Paraphrase Generation

Paraphrase Generation modeling class

class pororo.tasks.paraphrase_generation.PororoParaphraseFactory(task: str, lang: str, model: Optional[str])[source]

Bases: pororo.tasks.utils.base.PororoFactoryBase

paraphrase generation using Transformer Seq2Seq

Multi (transformer.large.multi.mtpg)

  • dataset: Internal data

  • metric: BLEU score

    Language

    BLEU score

    Average

    33.00

    English

    54

    Korean

    50

    Japanese

    20

    Chinese

    8

Multi (transformer.large.multi.fast.mtpg)

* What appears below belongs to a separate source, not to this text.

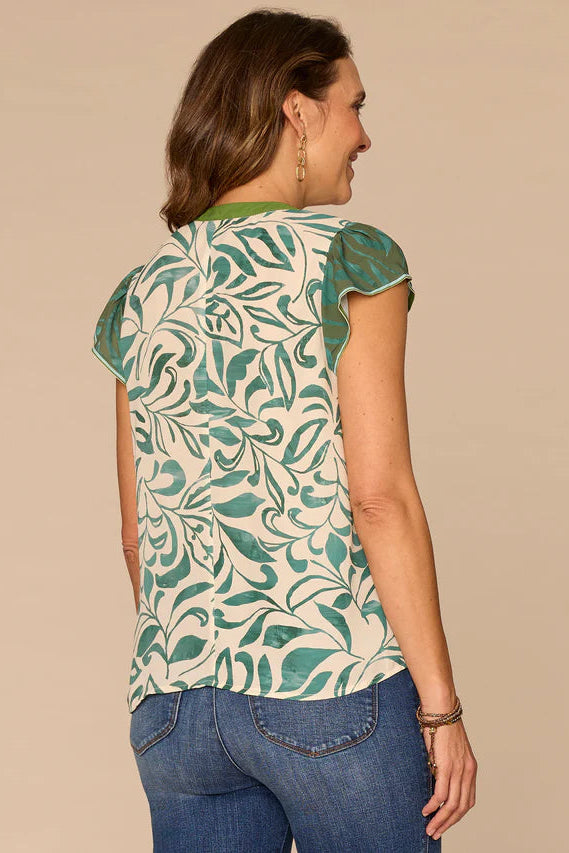 Flutter Cap Print Top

  • dataset: Internal data

  • metric: BLEU score

    Language

    BLEU score

    Average

    33.50

    English

    56

    Korean

    50

    Japanese

    20

    Chinese

    8

Parameters
  • text (str) – input sentence to be paraphrase generated

  • beam (int) – beam search size

  • temperature (float) – temperature scale

  • top_k (int) – top-K sampling vocabulary size

  • top_p (float) – top-p sampling ratio

  • no_repeat_ngram_size (int) – no repeat ngram size

  • len_penalty (float) – length penalty ratio

Returns

generated paraphrase

Return type

str

Examples

>>> pg = Pororo(task="pg", lang="ko")
>>> pg("노는게 제일 좋아. 친구들 모여라. 언제나 즐거워.")
노는 것이 가장 좋습니다. 친구들끼리 모여 주세요. 언제나 즐거운 시간 되세요.
>>> pg = Pororo("pg", lang="zh")
>>> pg("我喜欢足球")  # 나는 축구를 좋아해
'我喜欢球球球'  # 나는 공을 좋아해
>>> pg = Pororo(task="pg", lang="ja")
>>> pg("雨の日を聞く良い音楽をお勧めしてくれ。")  # 비오는 날 듣기 좋은 음악 가르쳐줘
'雨の日を聞くいい音楽を教えてください。'          # 비오는 날 듣기 좋은 음악을 가르쳐 주세요
>>> pg = Pororo("pg", lang="en")
>>> pg("There is someone at the door.")
"Someone's at the door."
>>> pg("I'm good, but thanks for the offer.")
"I'm fine, but thanks for the deal."
static get_available_langs()[source]
static get_available_models()[source]
load(device: str)[source]

Load user-selected task-specific model

Parameters

device (str) – device information

Returns

User-selected task-specific model

Return type

object

class pororo.tasks.paraphrase_generation.PororoTransformerTransMulti(model, config, tokenizer)[source]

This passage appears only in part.